● **Work task**
Each line below from the "For a circumhorizontal" line through the "The dual beam" line, those two included, must be restated word for word; the pictures must not be.

● **Information provided**

--------------------

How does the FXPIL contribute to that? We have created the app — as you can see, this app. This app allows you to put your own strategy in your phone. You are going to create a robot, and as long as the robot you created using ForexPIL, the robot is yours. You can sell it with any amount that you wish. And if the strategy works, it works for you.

--------------------

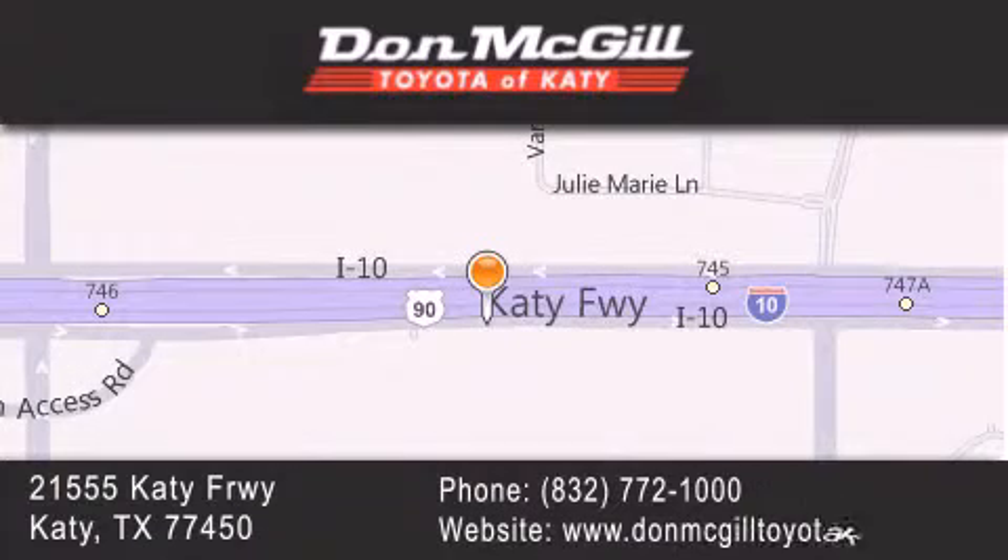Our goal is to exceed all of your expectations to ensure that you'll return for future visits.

--------------------

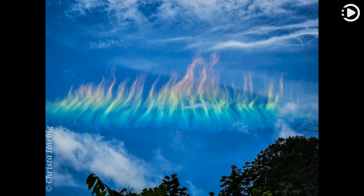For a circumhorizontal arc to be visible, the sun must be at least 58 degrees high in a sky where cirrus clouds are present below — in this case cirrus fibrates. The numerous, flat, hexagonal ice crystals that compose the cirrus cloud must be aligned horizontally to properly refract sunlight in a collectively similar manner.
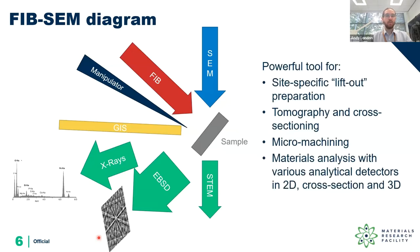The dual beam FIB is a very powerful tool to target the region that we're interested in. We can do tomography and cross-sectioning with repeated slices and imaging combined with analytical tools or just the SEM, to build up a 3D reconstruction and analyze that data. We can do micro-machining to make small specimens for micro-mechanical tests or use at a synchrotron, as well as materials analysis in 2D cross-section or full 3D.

--------------------

● **Problem solution**
For a circumhorizontal arc to be visible, the sun must be at least 58 degrees high in a sky where cirrus clouds are present below — in this case cirrus fibrates. The numerous, flat, hexagonal ice crystals that compose the cirrus cloud must be aligned horizontally to properly refract sunlight in a collectively similar manner.
The dual beam FIB is a very powerful tool to target the region that we're interested in. We can do tomography and cross-sectioning with repeated slices and imaging combined with analytical tools or just the SEM, to build up a 3D reconstruction and analyze that data. We can do micro-machining to make small specimens for micro-mechanical tests or use at a synchrotron, as well as materials analysis in 2D cross-section or full 3D.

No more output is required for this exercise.